|Could the hold be this strong?|
You recall how the stream looked like 15 years ago, when you would come down the hill with your mother to fetch water, wash clothes, water the animas and carry some water home. On some occasions, you would also buy, or when lucky get them for free, vegetables from those who irrigated their farms next to the river. This privilege does no longer exist; the water is too little to be pumped for irrigation.
The most important is to get a solution, because if you don’t, you may as well throw this bark away, or carry it home to form part of your fuel wood for the day. But if a solution is engrained on it, you may keep it in your room, you may walk by the stream and share with your neighbors the solution you have drawn out, you may ask for their opinions to be included, and even their support. This bark may be the ark by which to save your neighborhood, and the stream that supports their livelihoods.
If you had a solution, and your neighbors thought it was worth trying, you will call a baraza, and you will share with the rest of the community members who will draw up the work plan. And if you are lucky, you will get their support, their participation and sustainability of this solution. The community has the solution at heart, and they may have the know-how to effect the change they need, but they need resources. If inherently drawn up, then the resources required will be readily available and provided by the community. If not, they know even better how they can source for them. Your work will be to guide the process and making sure they don’t give up hope. The resources are available and the commitment is there, so get to business, effect the work plan, implement it, change the community to what they want it to be!
Remember you are doing this for the community, not to avoid crying again by a drying stream. So don’t forget that they should be the implementers, the evaluators and the center stage actors in each stage of the implementation process. Your role is that of a facilitator; you may actually learn a lot from them if you take them step by step.
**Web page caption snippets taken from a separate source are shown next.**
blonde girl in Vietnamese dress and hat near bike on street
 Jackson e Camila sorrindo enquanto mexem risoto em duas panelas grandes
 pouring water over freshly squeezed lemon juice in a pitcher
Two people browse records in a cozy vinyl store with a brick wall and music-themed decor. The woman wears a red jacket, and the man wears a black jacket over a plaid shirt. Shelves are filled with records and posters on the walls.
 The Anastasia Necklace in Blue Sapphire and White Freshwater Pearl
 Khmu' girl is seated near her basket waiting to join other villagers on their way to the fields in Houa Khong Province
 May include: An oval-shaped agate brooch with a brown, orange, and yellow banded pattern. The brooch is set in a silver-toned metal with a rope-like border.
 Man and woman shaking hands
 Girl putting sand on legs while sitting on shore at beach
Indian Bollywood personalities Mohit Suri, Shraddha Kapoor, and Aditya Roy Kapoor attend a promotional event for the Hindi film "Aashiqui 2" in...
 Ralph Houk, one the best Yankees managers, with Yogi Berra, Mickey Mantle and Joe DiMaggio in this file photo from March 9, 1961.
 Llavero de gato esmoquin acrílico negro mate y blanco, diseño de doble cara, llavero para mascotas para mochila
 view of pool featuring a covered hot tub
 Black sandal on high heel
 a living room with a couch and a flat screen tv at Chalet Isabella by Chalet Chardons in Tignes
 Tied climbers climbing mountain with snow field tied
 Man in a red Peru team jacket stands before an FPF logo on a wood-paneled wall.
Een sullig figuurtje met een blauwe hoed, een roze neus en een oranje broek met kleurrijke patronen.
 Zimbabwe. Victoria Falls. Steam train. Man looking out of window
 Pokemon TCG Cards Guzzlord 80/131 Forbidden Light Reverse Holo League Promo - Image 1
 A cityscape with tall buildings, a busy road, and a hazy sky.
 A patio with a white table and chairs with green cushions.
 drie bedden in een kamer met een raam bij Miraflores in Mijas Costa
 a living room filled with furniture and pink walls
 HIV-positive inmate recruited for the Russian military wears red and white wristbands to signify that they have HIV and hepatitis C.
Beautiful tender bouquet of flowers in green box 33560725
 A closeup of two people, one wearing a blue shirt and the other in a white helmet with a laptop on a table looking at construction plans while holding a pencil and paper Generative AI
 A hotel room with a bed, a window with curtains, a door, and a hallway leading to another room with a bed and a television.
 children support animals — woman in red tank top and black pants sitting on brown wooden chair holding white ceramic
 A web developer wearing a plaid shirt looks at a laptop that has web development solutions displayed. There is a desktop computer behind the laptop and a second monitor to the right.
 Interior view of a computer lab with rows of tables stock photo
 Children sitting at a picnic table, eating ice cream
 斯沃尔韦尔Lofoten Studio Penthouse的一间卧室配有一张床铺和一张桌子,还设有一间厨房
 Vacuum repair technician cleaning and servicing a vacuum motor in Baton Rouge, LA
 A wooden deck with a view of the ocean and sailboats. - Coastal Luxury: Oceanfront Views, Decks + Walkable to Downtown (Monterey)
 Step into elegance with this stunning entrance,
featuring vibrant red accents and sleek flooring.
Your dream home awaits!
Don’t forget the bark of the fig tree where the solution started, revisit it regularly to see if you are on track, if you are a good record keeper, which you should be, you should actually have several of them, containing all the discussions you have had with the community, the solutions provided by the community, the support provided, the steps taken and the work plan drafted with the community and now the implementation monitoring and evaluation, not forgetting the lessons learnt.
One thing that one may forget is that, your community is not the first in the world to face the challenge of a drying stream, of degraded and unfertile lands, of persistent crop failures of whatever challenge that comes with a drying stream. There are others around the world that have been through the same, and have successfully or otherwise developed plans to deal with their solutions. Take time to study these with your community. You may be the one to steer this process, or they may be ahead of the game- either way, be sure to ensure that you learn from other experiences and as well share your experiences. Don’t forget that what works in one region of the world will not necessarily work in your region, but there are underlying principles that can be adopted and scaled up. This is what you and the community will be interested in.
Finally, the stream will flow again, will be live again, you will again walk by the stream, and enjoy receiving gifts of fresh vegetables from your neighbors who no longer have to worry about draining the stream. Your mother will no longer need to take water home, as the plan involved making her water sufficient even up the hill. Everyone will be happy!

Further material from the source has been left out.